WORK INSTRUCTIONS
The lines to be extracted begin at the line containing "Laptop with space" and end at the last line of the data below; copy them exactly and leave out the pictures.

[Start of Attachment]

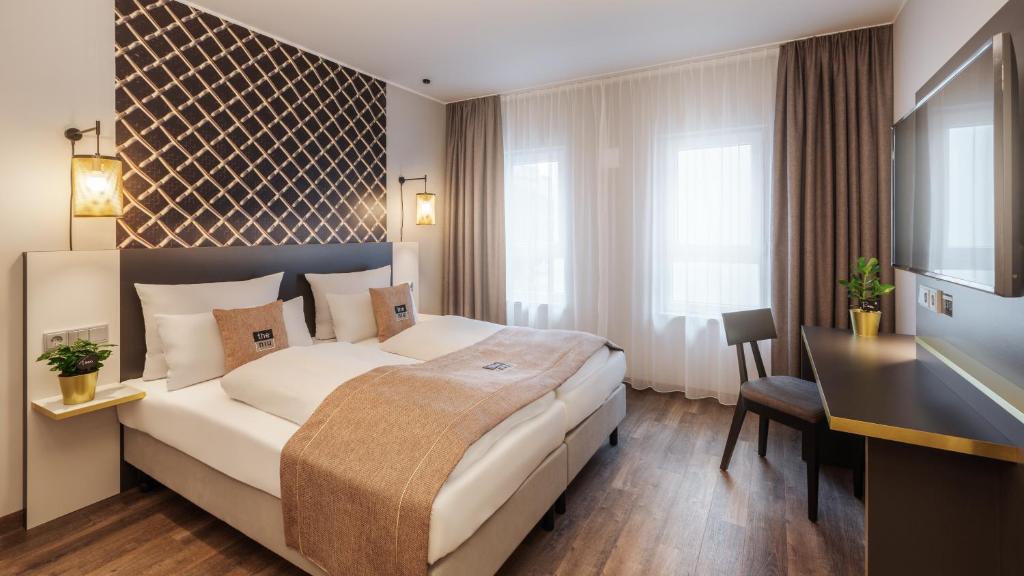ein Hotelzimmer mit einem großen Bett und einem Schreibtisch in der Unterkunft the niu Mesh in Stuttgart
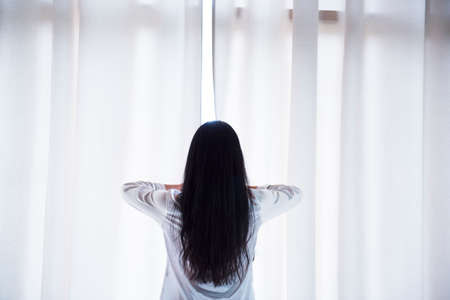 A beautiful Asian woman wakes up in the morning, the sun shines on her from the large window in the bedroom. The young girl welcomed the new day with a warm sunshine.の写真素材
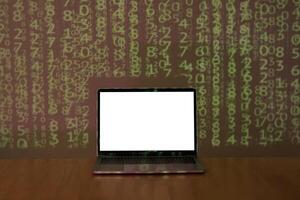 Laptop with space for your message on wooden table over binary code background in dark room. photo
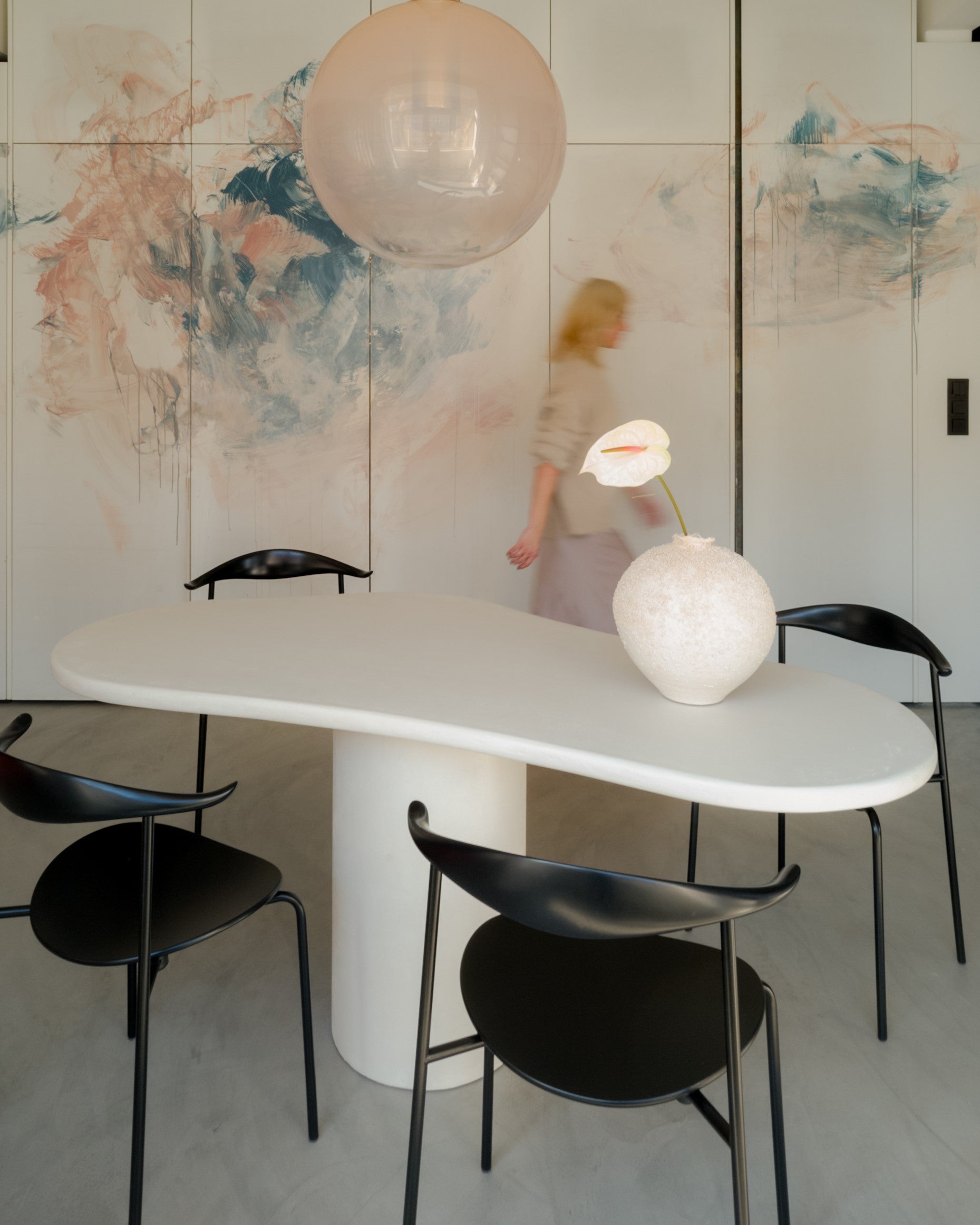 Kanso Organic microcement dining table styled with black chairs and pendant lamp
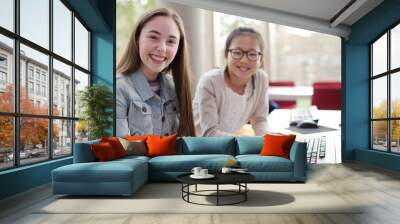 Student girls using computer in library Wall mural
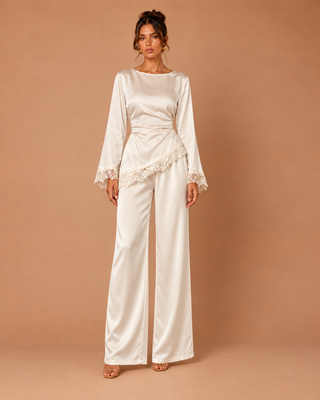 A woman models a cream satin jumpsuit with long bell sleeves, lace trim on the cuffs and waist, and wide legs, set against a solid tan studio backdrop.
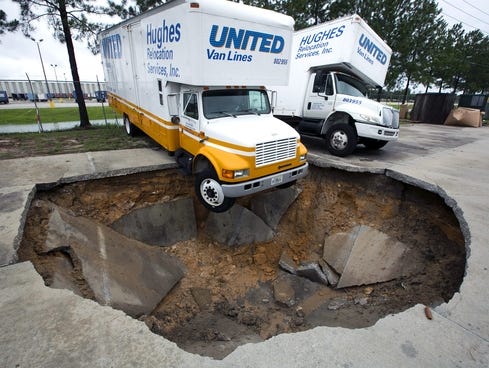 Large Sinkhole on Truck Hangs Over The Edge Of A Sinkhole That Opened Up In A Parking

[End of Attachment]

EXERCISE ANSWER
 Laptop with space for your message on wooden table over binary code background in dark room. photo
 Kanso Organic microcement dining table styled with black chairs and pendant lamp
 Student girls using computer in library Wall mural
 A woman models a cream satin jumpsuit with long bell sleeves, lace trim on the cuffs and waist, and wide legs, set against a solid tan studio backdrop.
 Large Sinkhole on Truck Hangs Over The Edge Of A Sinkhole That Opened Up In A Parking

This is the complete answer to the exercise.